Perhaps the reason why these works resonate with readers and audiences is because, as Cathy Park Hong conveys, “Minor feelings are not often featured in contemporary American literature because these emotions do not conform to the archetypal narrative that highlights survival and self-determination. Unlike the organizing principles of a bildungsroman, minor feelings are not generated from major change but from lack of change, in particular, structural racial and economic change.” Many of these stories address “minor feelings” that may not always shift or create structural or social movements. Rather, the shift comes from exploring new perspectives that only declare these emotions as “minor,” but nonetheless have a major effect. An examination of these stories and the APIDA communities that share and demonstrate these “minor feelings” is quite necessary and relevant.

The guest editor of this issue of JAST seeks original, previously unpublished manuscripts that examine these issues within the context of Asian American Studies.
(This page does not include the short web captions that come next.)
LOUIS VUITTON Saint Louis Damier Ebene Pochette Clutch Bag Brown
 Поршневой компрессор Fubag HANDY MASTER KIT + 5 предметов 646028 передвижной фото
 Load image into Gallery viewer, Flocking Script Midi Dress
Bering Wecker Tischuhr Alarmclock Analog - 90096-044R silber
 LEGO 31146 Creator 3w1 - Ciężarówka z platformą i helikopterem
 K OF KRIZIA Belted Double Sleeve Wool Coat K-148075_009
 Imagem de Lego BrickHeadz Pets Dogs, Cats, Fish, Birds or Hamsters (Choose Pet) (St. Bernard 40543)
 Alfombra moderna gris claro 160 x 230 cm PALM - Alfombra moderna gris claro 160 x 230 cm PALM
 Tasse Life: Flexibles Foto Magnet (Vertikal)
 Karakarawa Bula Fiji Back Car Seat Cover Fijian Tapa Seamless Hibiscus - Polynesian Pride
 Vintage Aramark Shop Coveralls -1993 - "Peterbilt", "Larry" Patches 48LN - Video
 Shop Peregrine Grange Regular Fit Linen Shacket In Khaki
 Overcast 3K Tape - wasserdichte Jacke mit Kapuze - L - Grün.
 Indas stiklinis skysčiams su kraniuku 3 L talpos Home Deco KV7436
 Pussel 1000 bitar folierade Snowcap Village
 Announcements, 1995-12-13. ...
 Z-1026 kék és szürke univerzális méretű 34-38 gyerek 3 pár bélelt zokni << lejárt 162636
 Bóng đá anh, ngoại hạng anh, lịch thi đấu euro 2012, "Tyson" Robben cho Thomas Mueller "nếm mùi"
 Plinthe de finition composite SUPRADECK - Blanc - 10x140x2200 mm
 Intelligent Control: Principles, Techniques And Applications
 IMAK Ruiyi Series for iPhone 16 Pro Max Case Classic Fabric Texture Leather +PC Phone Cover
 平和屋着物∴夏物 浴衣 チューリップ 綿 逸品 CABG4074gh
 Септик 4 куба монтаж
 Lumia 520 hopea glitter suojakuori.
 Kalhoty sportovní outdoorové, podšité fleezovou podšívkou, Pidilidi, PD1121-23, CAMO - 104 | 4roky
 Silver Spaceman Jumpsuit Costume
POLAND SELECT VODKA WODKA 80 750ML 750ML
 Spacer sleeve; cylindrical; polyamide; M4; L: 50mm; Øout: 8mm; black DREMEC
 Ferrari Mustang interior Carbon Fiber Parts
Topics may include, but are not limited to:

  • Asian American narratives, literature and theory

  • Asian American theater, drama, film and performance studies

  • Asian Americans and intersectionality

  • Asian American women, feminism, and solidarity

  • Masculinity studies, critical race theory, and Asian American Studies

  • APIDA cultural studies; food studies

  • Is there an Asian American “canon”?

  • The politics of Asian American Studies in American academia

  • Teaching Asian American Studies within, and/or outside of, the US

  • How do US-centric viewpoints exclude other types/definitions of Asian America?

  • Globalization, citizenship, (im)migration, and mobility

  • Hybridity, diaspora, and (forced) displacement

  • The global pandemic and Asian American communities

  • Collaboration/community among Asian Americans and with other racialized/minoritized groups

  • Asian Americans, the internet and social media outlets (Facebook/Twitter/Instagram/Tik Tok)

  • APIDA organizing techniques (consciousness raising, collectives, manifestos, grassroots activism)

  • Asian American activism and global issues such as AIDS, sexual slavery, sex work/tourism, war/peace, violence, domestic abuse, natural disasters, sweatshop labor, economic exploitation, food production/distribution, consumerism, disability, art and popular culture, the beauty industry, the media, sports, critiques of capitalism, political oppression, human rights, BLM, LGBTQ+ rights, NGOs, reproductive rights, healthcare provision, education/literacy, and the environment


Full-text manuscripts of between 6,000 and 8,000 words in MLA style (with parenthetical internal citations, a Works Cited page, minimal footnotes, and in Times New Roman 12-point font), should be emailed as Microsoft Word attachments to Nina Ha ( by March 31, 2021. Please include an abstract (150 words), keywords, and a one-paragraph bio (150 words, written in the third-person) with all manuscripts. Topic inquiries are welcome prior to full-text submission.